As the country undergoes an “energy revolution” nearly half – £95 billion – will need to be spent on disruptive technologies such as renewables, battery storage and distributed generation.
“With electricity security of supply already on a knife edge, the UK faces the obsolescence of approximately 40 per cent of its current aged [combined cycle gas turbine] fleet by around 2020 and approximately 70 per cent of all reliable generation capacity by 2030,” the report said.
In addition to losing 15GW of unabated coal capacity by 2025 due to the pledged phase out, the report said by 2030 the UK is also expected to lose: 7.7GW of the current 8.9GW of operational nuclear capacity; 22GW of gas generation capacity, 13GW of it by 2020; and 2.3GW of biomass conversion capacity due to the ending of government subsidies in 2027.
“Shoring up the UK’s current tenuous electricity security of supply in the face of this mass obsolescence of baseload generation capacity, combined with government policy to achieve a 57 per cent reduction in greenhouse gas emissions by 2032, will require an eye-watering level of investment over coming years,” it said.
The report’s estimates are based on an average of National Grid’s four ‘Future Energy Scenarios’ published in July. This average scenario sees a 5 per cent (16TWh) increase in annual energy demand, as a 42TWh increase in demand from electric vehicles and the electrification of heating more than offsets a 25TWh reduction due to energy efficiency measures. To meet this demand, it envisions a 45GW increase in overall capacity, most of it coming from intermittent renewables.
Securing sufficient investment will require “transparent, stable and supportive policies”, especially as the wholesale pricing mechanism is “effectively permanently broken as a signal to develop new generation capacity, undermined by the introduction of significant levels of subsidised low/zero dispatch cost renewables”.
“The wholesale price and load factor uncertainty resulting from further renewables capacity growth mean the vast majority of the UK’s required new generation capacity investment will not materialise without a subsidy or other high confidence revenue stream,” the report added.
It praised both the contracts for difference and capacity market mechanisms for doing just that, but said other policies such as the levy control framework have “proven themselves unable to cope with changing market conditions and require both adjustment and increased transparency”. The current policy portfolio will be “insufficient” to meet the target of reducing emissions by 57 per cent on 1990 levels during the fifth carbon budget (2028-2032).
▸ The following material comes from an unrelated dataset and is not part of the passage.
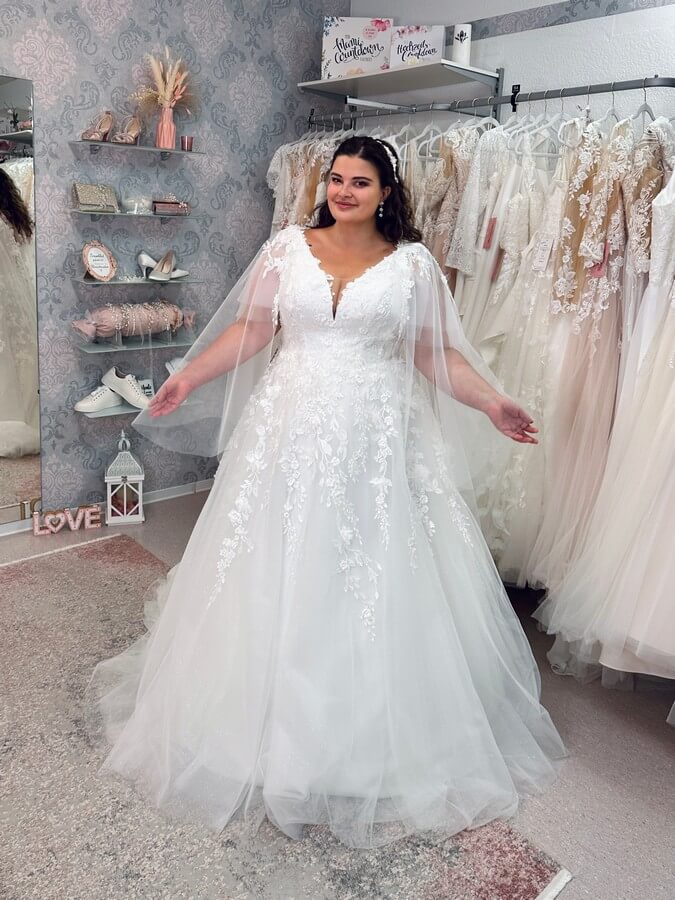 Brautkleid große Größe 52 ohne Ärmel mit 3D Spitze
Investing £215 billion in the energy system was predicted to generate earnings before interest, taxation, depreciation and amortization (EBITDA) of £25.2 billion each year by 2030. The report said National Grid and SSE are likely be the biggest winners from this profit growth: National Grid because of its investments in interconnectors and the transmission network; and SSE because of its investments in wind capacity and both transmission and distribution grids.